- **Work item**
Type out the listing below exactly. Pictures stay out of it.
*** Opening of Supplied material ***
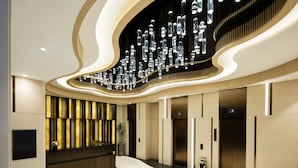 A modern lobby with a curved reception desk, elevators, and a decorative light fixture. - Burlington Hotel (Hong Kong)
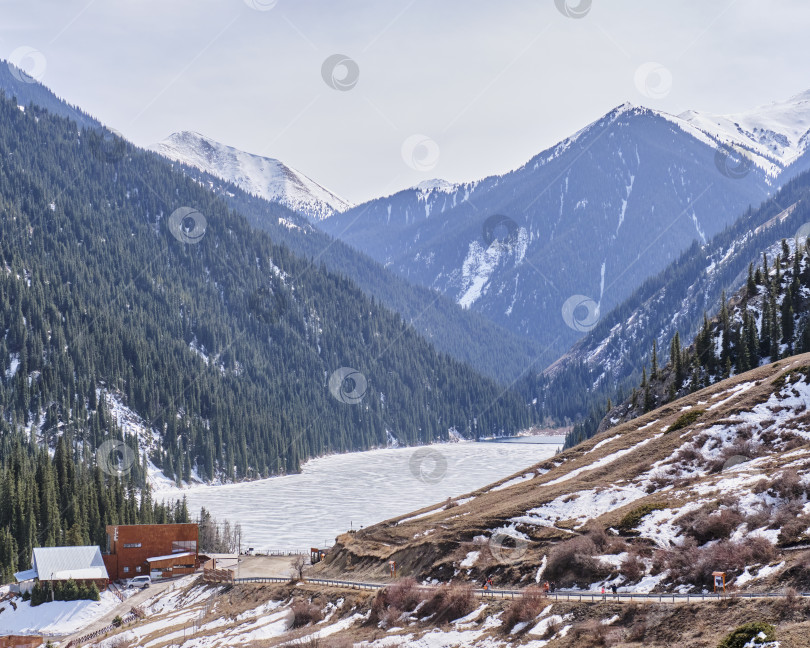 Скачать Спуск к озеру Нижний Кольсай, покрытому льдом, Казахстан. фотосток Ozero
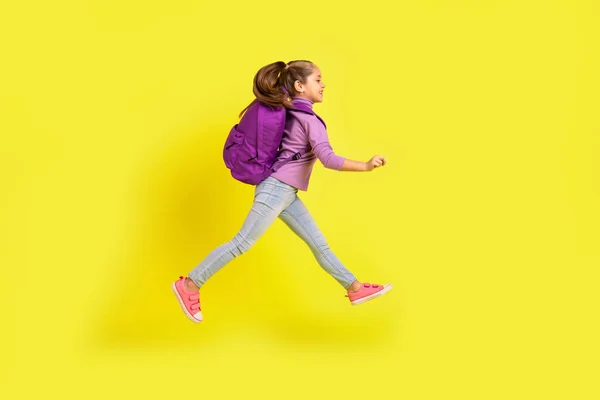 Full Size Profile Side Photo Elementary School Girl Jump Rush — Stockfoto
*** Close of Supplied material ***
- **Solved problem**
 A modern lobby with a curved reception desk, elevators, and a decorative light fixture. - Burlington Hotel (Hong Kong)
 Скачать Спуск к озеру Нижний Кольсай, покрытому льдом, Казахстан. фотосток Ozero
 Full Size Profile Side Photo Elementary School Girl Jump Rush — Stockfoto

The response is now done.